Real Estate Taxation in Greece

מיסוי נדל"ן ביוון

Real Estate Taxation in Greece

Real estate taxation holds significant importance in Greece's fiscal policy, with the Greek Ministry of Finance and local municipalities overseeing the associated regulations. Presented below is a concise summary of real estate taxation in Greece. This article aims to provide an explanation of the various property taxes applicable in Greece.

When acquiring property in Greece, it is essential to fulfill obligations pertaining to property taxes, including both acquisition and annual taxes. Moreover, if you opt to rent out your property, taxes on rental income apply. The advantageous aspect is that property taxes in Greece generally tend to be lower compared to those in the United States, albeit some may slightly exceed the European Union average. Nevertheless, the tax system itself is user-friendly and easy to navigate. Upon property acquisition, you receive a tax identification number, which can be conveniently managed online.

Transfer Tax

When purchasing a property in Greece, one needs to pay a real estate transfer tax.
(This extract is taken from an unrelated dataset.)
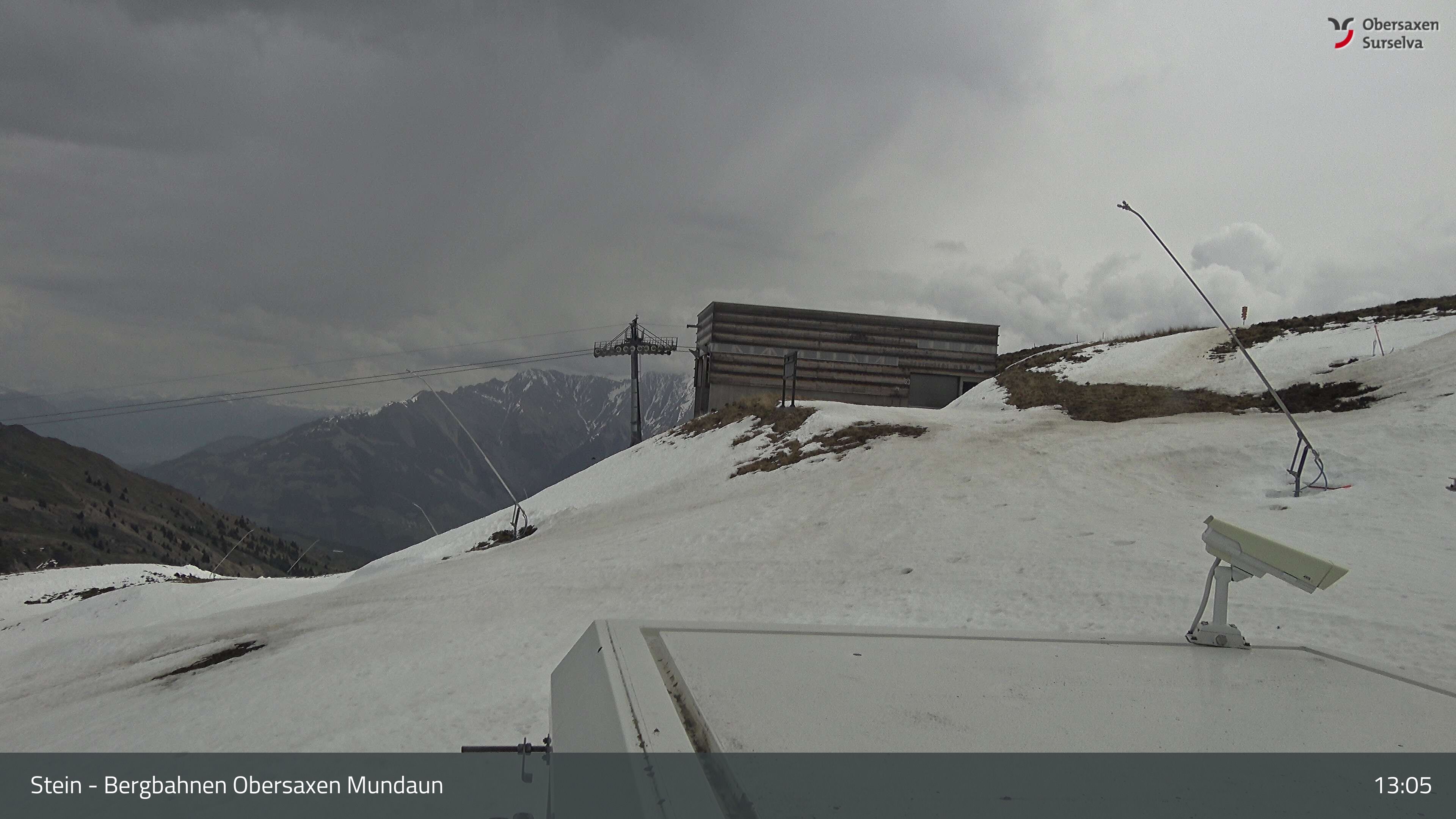 Obersaxen-Affeier: Obersaxen Mundaun - Stein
This tax is calculated at a rate of 3.09% of the taxable value of the property. To determine the property’s value, in December 2021, the Greek Ministry of Finance introduced a new system called the Objective Value. The Objective Value system establishes prices per square meter in 13,808 property areas across the country, considering factors such as location, size, and technical specifications. The determined Objective Value is then used to calculate the transfer tax payment required from the buyer.

It’s important to note that if the Objective Value exceeds the purchase price, the tax will be based on the Objective Value.

In some cases, larger investment properties may be transferred through a share arrangement, which exempts them from real estate transfer taxes.

Rental Tax

When considering the rental of a property in Greece, it’s crucial to have an understanding of the taxation applied to rental earnings. The tax rates applied to rental income follow a progressive structure and are based on the level of income generated.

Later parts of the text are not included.